Zurückhaltung war gestern

Die CDU in Aufruhr: Alte Rechnungen werden beglichen, Reformer beschweren sich über den Linkskurs Angela Merkels in der Großen Koalition, und nun droht aus der Debatte über den Wahlkampf Kochs ein heftiger Streit zu werden.

Berlin. Mit ihren Wahlkämpfern hat die CDU derzeit kein Glück. Erst der hessische Polarisier Roland Koch, dem jetzt selbst die parteinahe Konrad-Adenauer-Stiftung in einer Analyse ein verheerendes Wahlkampfzeugnis ausstellt. Und nun auch noch der Hamburger Ole von Beust. Der CDU-Bürgermeister glaubte, eine halbe Woche nach dem Debakel in Hessen einiges klarstellen zu müssen: Das Thema Einwanderung sei zu wichtig, um als schnelllebiges Wahlkampfthema zu dienen, schrieb er in einem offenen Brief mit 16 weiteren Unionspolitikern, darunter Berlins CDU-Chef Friedbert Pflüger, NRW-Integrationsminister Armin Laschet oder Ruprecht Polenz, Ex-Generalsekretär. Klare Worte, sollte man meinen. In Richtung Roland Koch. Doch nun wollen es von Beust und die anderen so nicht gemeint haben: "Dieser Brief hat mit dem Wahlkampf von Herrn Koch nichts zu tun", wehrte der Hamburger gestern ab. Womit dann?

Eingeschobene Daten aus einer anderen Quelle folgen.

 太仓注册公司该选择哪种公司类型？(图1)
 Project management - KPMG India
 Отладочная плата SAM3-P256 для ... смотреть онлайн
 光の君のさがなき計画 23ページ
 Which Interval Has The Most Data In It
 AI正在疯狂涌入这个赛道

Der Aufruhr ist groß, in Berlin schütteln Parteifreunde entsetzt mit dem Kopf: "Die Absender des Briefes legen großen Wert darauf, dass der Inhalt nicht als Distanzierung von der CDU Hessen und von Roland Koch aufgefasst wird, aber exakt dieser Eindruck wird erweckt", ärgert sich Fraktionsvize Wolfgang Bosbach. Umfragen lassen nicht viel Gutes erahnen

Andere glauben, insbesondere von Beust habe sich schlichtweg verkalkuliert: Der Mann steht unter Druck, die Umfragen für die Wahlen Ende Februar lassen nicht viel Gutes erahnen. Um im weltoffenen Hamburg noch einmal zu punkten, habe er sich daher von Kochs Themen und dessen Stil öffentlich zu distanzieren versucht, vermutet man in der CDU. Ein durchschaubares, taktisches Manöver, feixt der politische Gegner. "Kalte Füße", so die Grünen, hätten jetzt von Beust und die anderen Kritiker bekommen angesichts des medialen Echos und der innerparteilichen Reaktionen. Wer Koch kritisiere, so Grünen-Chefin Claudia Roth, der kritisiere schließlich auch die Kanzlerin, die dessen Wahlkampf unterstützt habe. Nur deshalb seien die Unterzeichner zurückgerudert. Der Vorgang wirft ein bizarres Licht auf den momentanen Zustand der Union. Durch die Wahlschlappe in Hessen scheinen an allen Ecken und Enden Brände auszubrechen, die die Parteiführung kaum löschen kann. Angela Merkel schweigt und wartet ab

Zurückhaltung gibt es nicht mehr: Alte Rechnungen werden beglichen, Reformer beschweren sich über den Linkskurs Angela Merkels in der Großen Koalition, der Wirtschaftsflügel beklagt das mangelnde Profil der Partei, und nun droht aus der Debatte über den Wahlkampf Kochs ein heftiger Streit über die vergangene und künftige Integrationspolitik zu werden. Je nach Wahlausgang in Hamburg könnten sich die Richtungs- und Strategiekonflikte innerhalb der Union noch einmal verschärfen. Schon fühlt sich die Schwesterpartei CSU bemüßigt, die CDU zur Mäßigung aufzurufen. Eine Frage der Zeit, bis sich die Blicke auf die Kanzlerin und CDU-Vorsitzende richten. Sie hat versucht, die Union programmatisch zu öffnen. Sie hat Kochs Wahlkampf massiv unterstützt. Angela Merkel ist in keiner angenehmen Position. Noch tut sie aber lieber das, was sie immer macht, wenn es brenzlig wird: Sie schweigt und wartet ab.